Richard Dixon, director at Holidaysplease, said the lack of support staff was causing problems.

“It’s absolutely causing an obstacle. And it’s something that we’re speaking with our key suppliers about at the moment,” he said.

“It’s not just about new business, it’s about managing rebookings and cancellations as well. I think suppliers are aware, but obviously they’re working within the limitations of their particular business positions.

“I think suppliers are bringing back growing numbers of head office staff so that they can support this, but there’s still a massive gap between the kind of service we would normally expect and the service we’re receiving as agents.”

Joanne Dooey, director of Love To Travel and SPAA president, said: “Because we have had such a good relationship with the business development managers that are out there on the road, and they are very supportive of agents, not having that support just now has been difficult.

“There are some players out there that you are hanging on the phones for three, four hours, and it’s not just the likes of Tui – there’s lots of other ones.

“So we are having an issue with some, and then there’s others that have been absolutely amazing in how they’ve dealt with it.

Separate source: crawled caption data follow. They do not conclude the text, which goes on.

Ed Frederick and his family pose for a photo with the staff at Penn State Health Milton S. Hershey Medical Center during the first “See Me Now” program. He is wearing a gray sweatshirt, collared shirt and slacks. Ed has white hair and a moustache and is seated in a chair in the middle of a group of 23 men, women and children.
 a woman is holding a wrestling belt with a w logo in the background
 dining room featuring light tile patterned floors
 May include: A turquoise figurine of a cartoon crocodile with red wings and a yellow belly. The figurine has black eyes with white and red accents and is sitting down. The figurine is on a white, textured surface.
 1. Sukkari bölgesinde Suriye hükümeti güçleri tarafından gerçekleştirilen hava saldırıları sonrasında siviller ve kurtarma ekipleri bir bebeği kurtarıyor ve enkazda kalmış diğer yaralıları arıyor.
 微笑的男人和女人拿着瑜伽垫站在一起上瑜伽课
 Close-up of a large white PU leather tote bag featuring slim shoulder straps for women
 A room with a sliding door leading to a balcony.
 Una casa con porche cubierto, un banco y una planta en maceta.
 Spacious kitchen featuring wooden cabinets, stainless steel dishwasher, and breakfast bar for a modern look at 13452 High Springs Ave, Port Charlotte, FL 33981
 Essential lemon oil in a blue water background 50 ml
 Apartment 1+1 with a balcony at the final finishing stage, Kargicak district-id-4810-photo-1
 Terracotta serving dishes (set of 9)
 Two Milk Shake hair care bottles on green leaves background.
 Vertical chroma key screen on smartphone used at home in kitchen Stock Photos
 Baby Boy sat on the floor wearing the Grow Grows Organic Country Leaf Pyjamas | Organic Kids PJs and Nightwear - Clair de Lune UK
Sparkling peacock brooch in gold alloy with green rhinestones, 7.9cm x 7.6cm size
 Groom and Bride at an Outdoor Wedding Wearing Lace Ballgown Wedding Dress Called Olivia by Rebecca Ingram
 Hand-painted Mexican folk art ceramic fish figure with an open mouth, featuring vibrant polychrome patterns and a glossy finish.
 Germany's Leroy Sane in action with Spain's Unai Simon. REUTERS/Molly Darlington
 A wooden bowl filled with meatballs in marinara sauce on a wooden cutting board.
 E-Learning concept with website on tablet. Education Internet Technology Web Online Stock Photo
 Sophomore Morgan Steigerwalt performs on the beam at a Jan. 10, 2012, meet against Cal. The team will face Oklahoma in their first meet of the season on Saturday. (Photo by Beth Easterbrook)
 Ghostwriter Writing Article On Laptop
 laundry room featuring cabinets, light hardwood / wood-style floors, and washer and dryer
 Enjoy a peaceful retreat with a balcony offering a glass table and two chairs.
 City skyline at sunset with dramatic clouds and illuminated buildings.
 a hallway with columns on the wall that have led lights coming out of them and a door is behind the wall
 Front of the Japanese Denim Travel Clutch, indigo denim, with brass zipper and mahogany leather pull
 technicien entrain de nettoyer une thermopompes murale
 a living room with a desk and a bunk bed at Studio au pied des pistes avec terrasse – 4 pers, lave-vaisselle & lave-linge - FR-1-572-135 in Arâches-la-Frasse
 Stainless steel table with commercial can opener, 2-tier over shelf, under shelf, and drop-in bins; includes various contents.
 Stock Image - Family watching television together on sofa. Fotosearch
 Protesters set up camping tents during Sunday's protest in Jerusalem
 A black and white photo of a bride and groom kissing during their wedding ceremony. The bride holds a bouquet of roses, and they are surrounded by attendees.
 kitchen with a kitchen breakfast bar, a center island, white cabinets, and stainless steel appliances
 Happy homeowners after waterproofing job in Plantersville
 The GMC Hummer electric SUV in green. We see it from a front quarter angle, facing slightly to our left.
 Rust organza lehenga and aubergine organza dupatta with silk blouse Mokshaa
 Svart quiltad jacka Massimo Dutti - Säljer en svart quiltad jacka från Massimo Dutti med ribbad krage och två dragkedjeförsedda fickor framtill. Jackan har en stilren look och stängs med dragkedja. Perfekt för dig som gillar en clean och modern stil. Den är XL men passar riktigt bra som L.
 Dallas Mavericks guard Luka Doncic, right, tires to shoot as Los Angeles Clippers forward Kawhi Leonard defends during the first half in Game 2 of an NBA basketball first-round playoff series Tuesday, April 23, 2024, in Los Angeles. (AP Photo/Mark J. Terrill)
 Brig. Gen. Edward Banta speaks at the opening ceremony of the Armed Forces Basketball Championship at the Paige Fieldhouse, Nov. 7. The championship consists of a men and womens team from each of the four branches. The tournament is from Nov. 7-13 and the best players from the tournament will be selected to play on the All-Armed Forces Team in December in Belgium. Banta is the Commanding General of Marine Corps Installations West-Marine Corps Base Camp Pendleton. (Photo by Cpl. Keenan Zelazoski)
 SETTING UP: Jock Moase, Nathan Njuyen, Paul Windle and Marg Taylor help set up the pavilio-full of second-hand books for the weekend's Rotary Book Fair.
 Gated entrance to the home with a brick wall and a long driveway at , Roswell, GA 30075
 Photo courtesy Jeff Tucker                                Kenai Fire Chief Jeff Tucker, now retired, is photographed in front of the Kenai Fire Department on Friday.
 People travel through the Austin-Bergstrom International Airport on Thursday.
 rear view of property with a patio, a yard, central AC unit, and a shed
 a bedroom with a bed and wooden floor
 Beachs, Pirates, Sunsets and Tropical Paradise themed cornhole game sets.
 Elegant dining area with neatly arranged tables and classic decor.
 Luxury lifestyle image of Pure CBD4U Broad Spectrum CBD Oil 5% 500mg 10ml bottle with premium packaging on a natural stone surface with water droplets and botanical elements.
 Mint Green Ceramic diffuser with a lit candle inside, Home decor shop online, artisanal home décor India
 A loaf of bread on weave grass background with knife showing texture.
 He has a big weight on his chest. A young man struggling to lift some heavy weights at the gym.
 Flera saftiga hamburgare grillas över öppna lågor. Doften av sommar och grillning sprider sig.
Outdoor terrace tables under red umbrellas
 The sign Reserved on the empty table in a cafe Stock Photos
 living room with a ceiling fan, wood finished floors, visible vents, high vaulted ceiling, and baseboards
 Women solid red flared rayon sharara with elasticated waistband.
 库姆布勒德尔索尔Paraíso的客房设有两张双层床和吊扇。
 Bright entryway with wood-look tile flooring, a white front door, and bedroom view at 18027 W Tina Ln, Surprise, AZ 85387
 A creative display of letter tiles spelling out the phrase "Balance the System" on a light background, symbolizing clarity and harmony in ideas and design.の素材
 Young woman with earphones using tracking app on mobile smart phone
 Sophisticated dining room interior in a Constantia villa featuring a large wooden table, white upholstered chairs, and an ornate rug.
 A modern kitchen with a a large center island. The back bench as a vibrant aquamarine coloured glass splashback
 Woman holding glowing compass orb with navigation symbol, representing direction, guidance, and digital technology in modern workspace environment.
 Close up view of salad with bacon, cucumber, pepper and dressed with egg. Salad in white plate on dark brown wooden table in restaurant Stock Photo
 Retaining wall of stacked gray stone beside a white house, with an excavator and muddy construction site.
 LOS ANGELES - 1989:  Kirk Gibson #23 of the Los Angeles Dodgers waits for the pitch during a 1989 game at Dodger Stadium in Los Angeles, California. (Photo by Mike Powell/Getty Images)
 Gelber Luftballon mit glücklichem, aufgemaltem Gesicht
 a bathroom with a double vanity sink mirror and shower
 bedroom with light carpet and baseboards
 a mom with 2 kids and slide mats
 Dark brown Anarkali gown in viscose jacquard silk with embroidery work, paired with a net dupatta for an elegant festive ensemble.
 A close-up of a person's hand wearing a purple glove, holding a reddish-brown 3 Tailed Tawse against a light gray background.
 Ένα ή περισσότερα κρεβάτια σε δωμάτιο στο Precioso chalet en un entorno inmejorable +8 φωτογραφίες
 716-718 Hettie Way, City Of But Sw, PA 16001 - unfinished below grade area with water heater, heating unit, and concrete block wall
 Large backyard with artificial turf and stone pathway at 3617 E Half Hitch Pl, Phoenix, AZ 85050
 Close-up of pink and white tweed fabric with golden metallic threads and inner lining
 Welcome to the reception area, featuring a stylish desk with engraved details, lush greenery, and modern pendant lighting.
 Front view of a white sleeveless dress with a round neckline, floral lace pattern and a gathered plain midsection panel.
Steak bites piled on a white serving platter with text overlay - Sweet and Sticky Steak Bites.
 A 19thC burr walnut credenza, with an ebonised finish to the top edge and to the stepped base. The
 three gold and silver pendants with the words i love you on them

“As long as we can see that people are starting to come back. If we’re starting to bring staff back to the high street and homeworkers are working, they need to start getting more people working from a tour operating point of view as well.”

Dooey added: “We do understand and we know they’ve got people in there who are multi-tasking, and working in different departments, but it isn’t helping when you know what you’re talking about, and you get onto somebody and they really don’t. That’s causing a big frustration for a lot of agents out there right now.”